I have learned that McLaren would have made Lewis Hamilton the top-paid driver in Formula One if he had opted to stay with them and not puzzlingly abandon them for strugglers Mercedes. And that would have meant a basic salary exceeding the £15 million-a-year (Dh89.65 million) the German Grand Prix outfit are paying the 28-year-old to switch to them on a three-year deal.
Given his universal fame and marketability, Hamilton can be confident he can at least double his basic take-home pay with lucrative and massive sponsorship deals on top of any performance bonuses offered by a team anxious to rule the Formula One world again.
But McLaren supremo Ron Dennis, who developed Hamilton from being a kid kart racer at 14 to F1 world champ in 2008, reckons a continuance of the partnership that was blessed with highlights might have been a wrong move. “Did we have the ability to create a situation where we could have stayed together? Yes.
“Would it have been the right thing to do? I don’t think so,” said the dour man famed for his intractable attitude.

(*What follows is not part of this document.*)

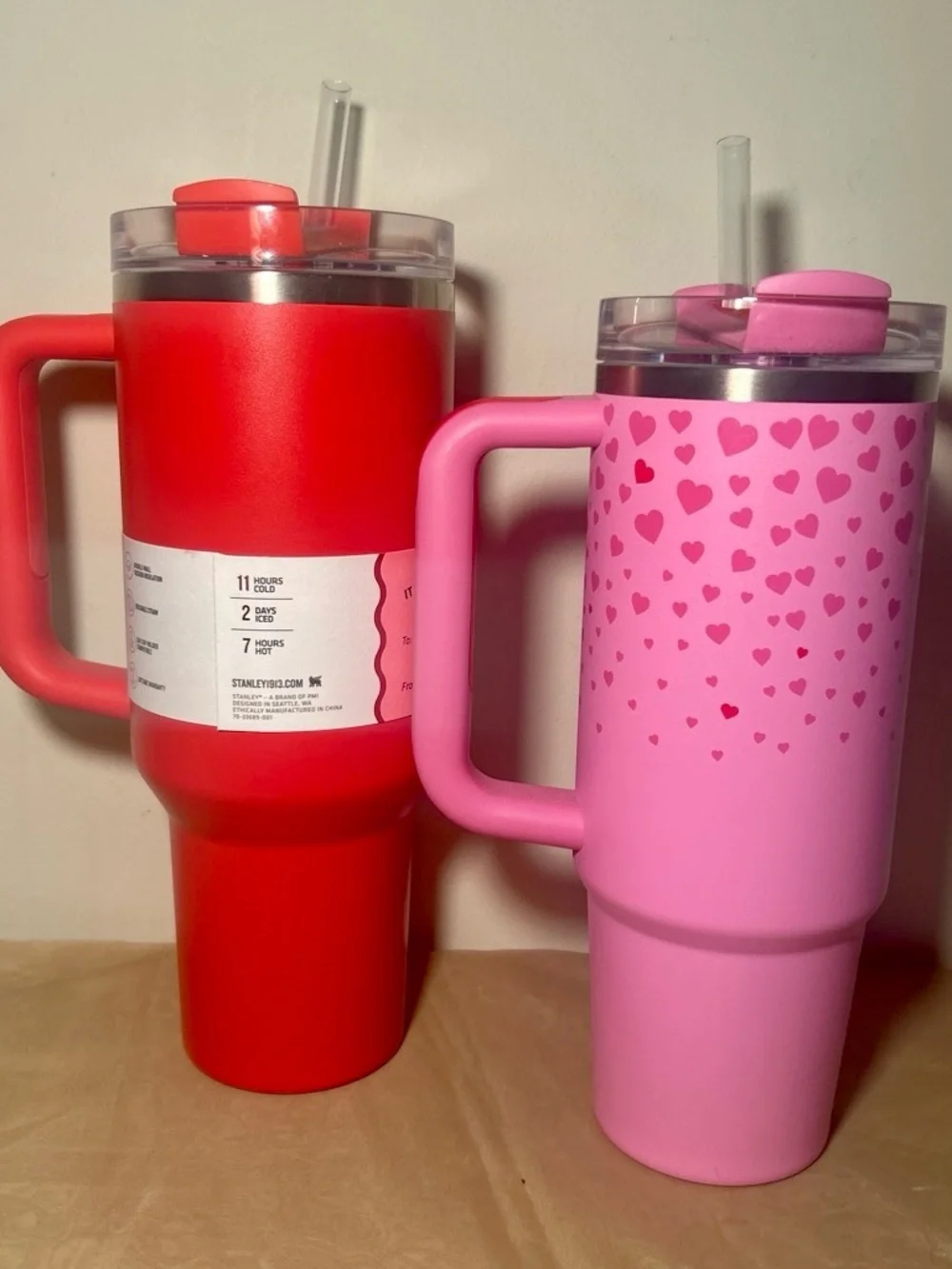 Stanley 40oz red and 30oz pink heart stainless steel tumblrs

It was his team boss, Martin Whitmarsh, who has revealed they would have made Hamilton the richest racer of them all if he hadn’t quit to join Grand Prix mastermind Ross Brawn’s line up as the replacement for race legend and seven-time title holder Michael Schumacher.

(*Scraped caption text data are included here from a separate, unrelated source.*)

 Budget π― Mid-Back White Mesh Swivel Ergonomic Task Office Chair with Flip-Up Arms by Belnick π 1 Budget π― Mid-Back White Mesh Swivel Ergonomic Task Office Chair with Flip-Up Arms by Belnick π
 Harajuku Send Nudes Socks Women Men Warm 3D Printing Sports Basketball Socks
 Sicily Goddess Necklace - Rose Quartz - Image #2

Dennis insists, contrary to widespread belief, that he holds no grudges against the star from the humble background he shaped as a multi-millionaire world-beater. He said without the trace of a smile: “We do not wish Lewis every success — and that is understandable as he is obviously going to be a competitor. But we don’t wish him anything negative.
“Everybody asks : ‘Am I bitterly this or bitterly that?’ I am a realist. Life isn’t about one person deciding anything. It’s all about circumstances.

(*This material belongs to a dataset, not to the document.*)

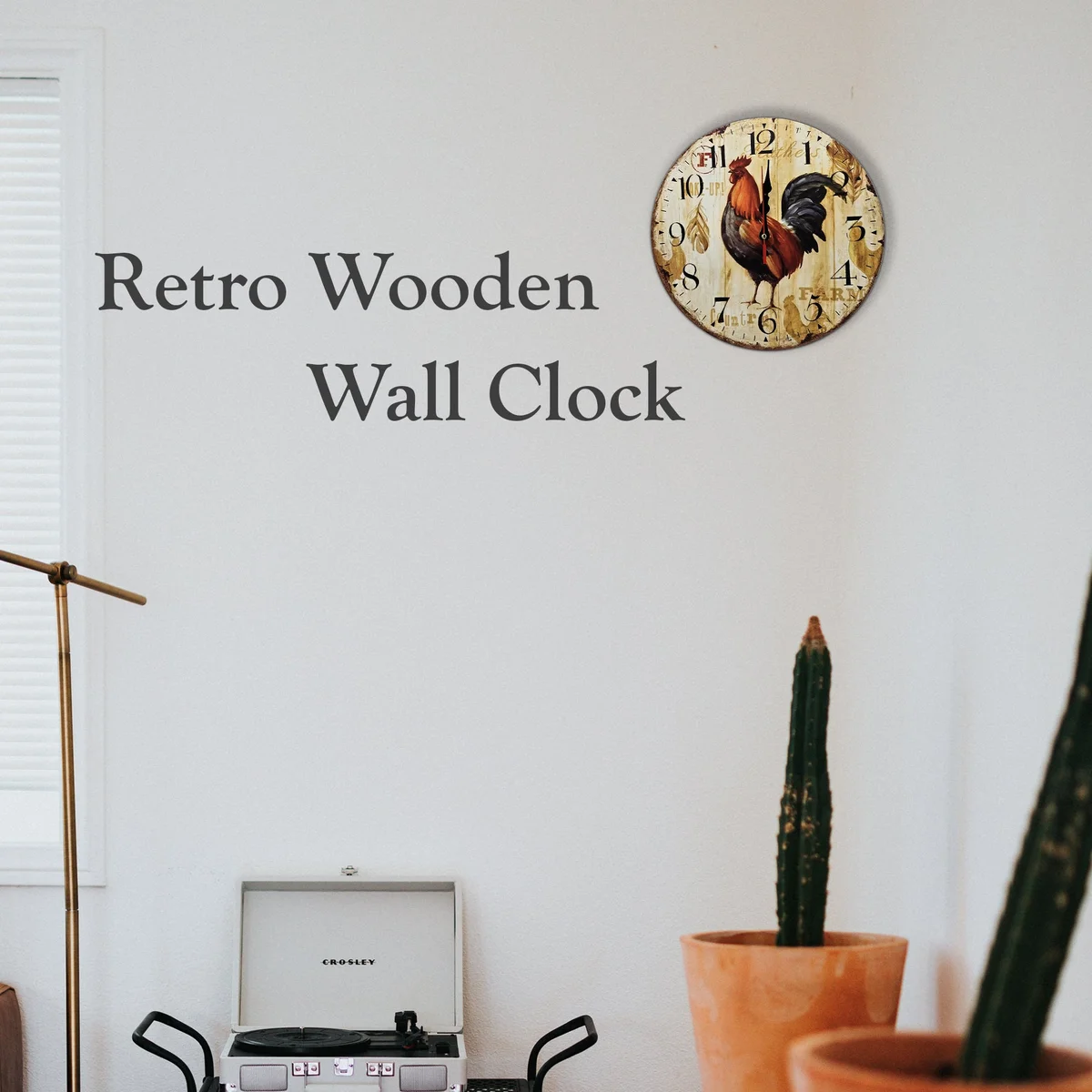 Large retro wooden kitchen clock with rooster design, wooden frame, metal hands, and big numerals on a white background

“And at the end of the day you end up with a situation where you are going to separate if the circumstances are not right.”
Sir Jackie Stewart, the all-time British racing hero, fears Hamilton may have made a disastrous mistake in deserting McLaren. “It is a risk — maybe one worth taking — and an emotional decision, but it may not be the right one,” said the three-time champion.
He added:”It is chancy because McLaren are in the business of Formula One. Major car manufacturers like Mercedes come and go. There is always the risk that if the Silver Arrows are not successful in their Grand Prix ambitions...in just five minutes there could be a board decision to cancel their F1 programme.”